=== Material provided ===
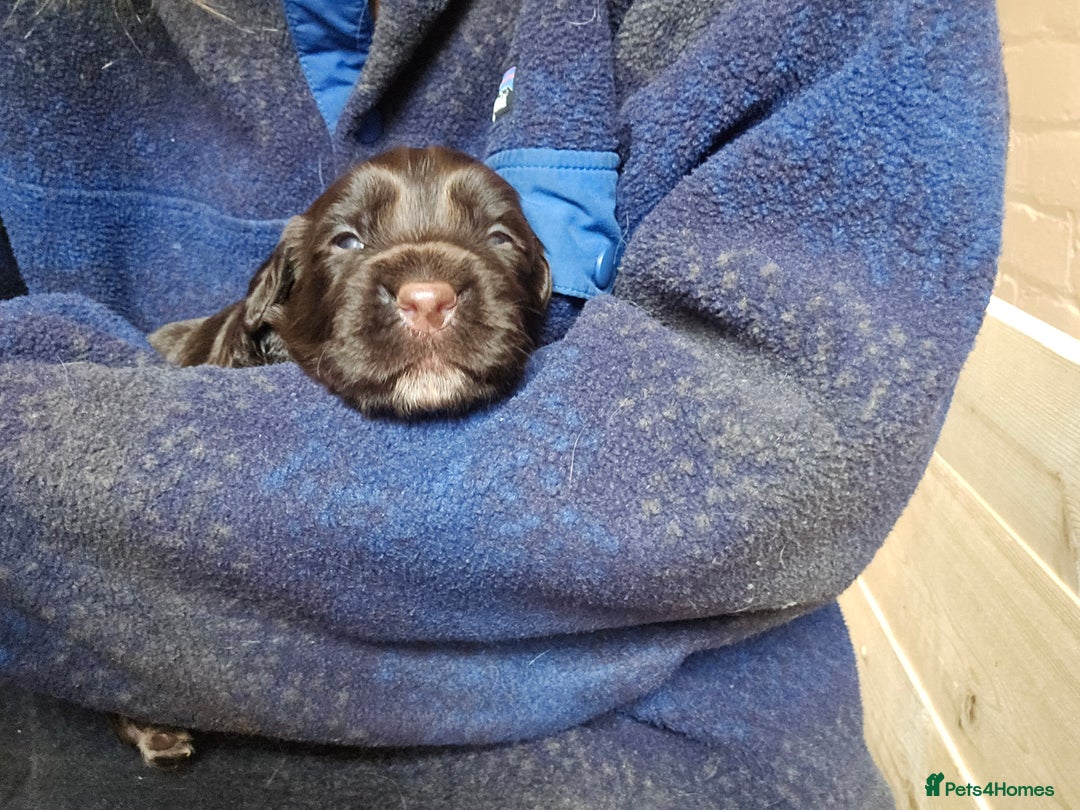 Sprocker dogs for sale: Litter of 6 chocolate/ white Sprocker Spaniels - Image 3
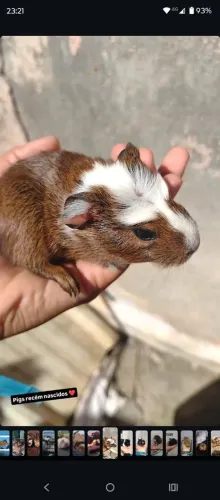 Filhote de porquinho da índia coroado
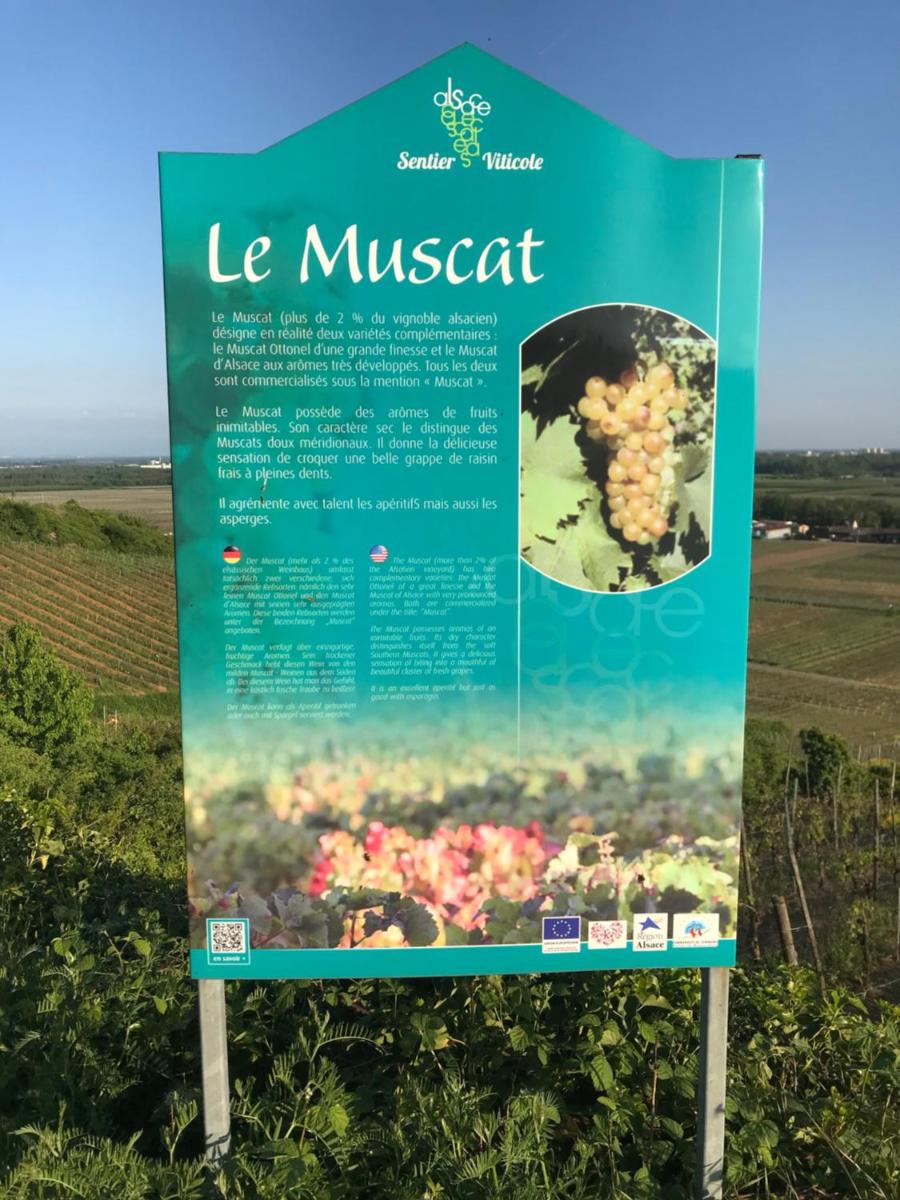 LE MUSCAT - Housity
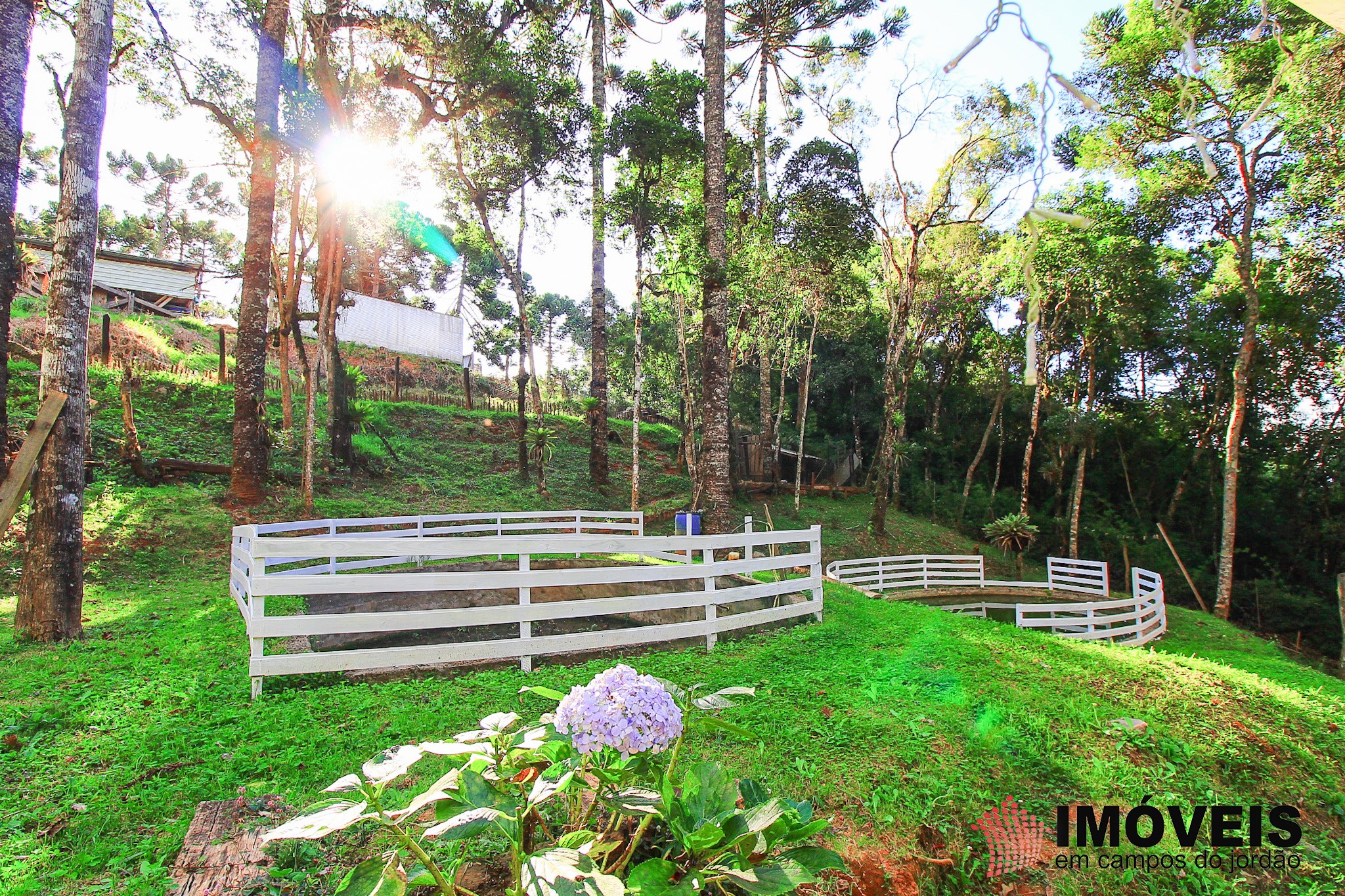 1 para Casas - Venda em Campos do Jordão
===
-- What is needed --
Leaving out all pictures, retype exactly the lines that run from the one containing "Filhote de porquinho da índia coroado" through the last line of the material.

-- Answer to this exercise --
 Filhote de porquinho da índia coroado
 LE MUSCAT - Housity
 1 para Casas - Venda em Campos do Jordão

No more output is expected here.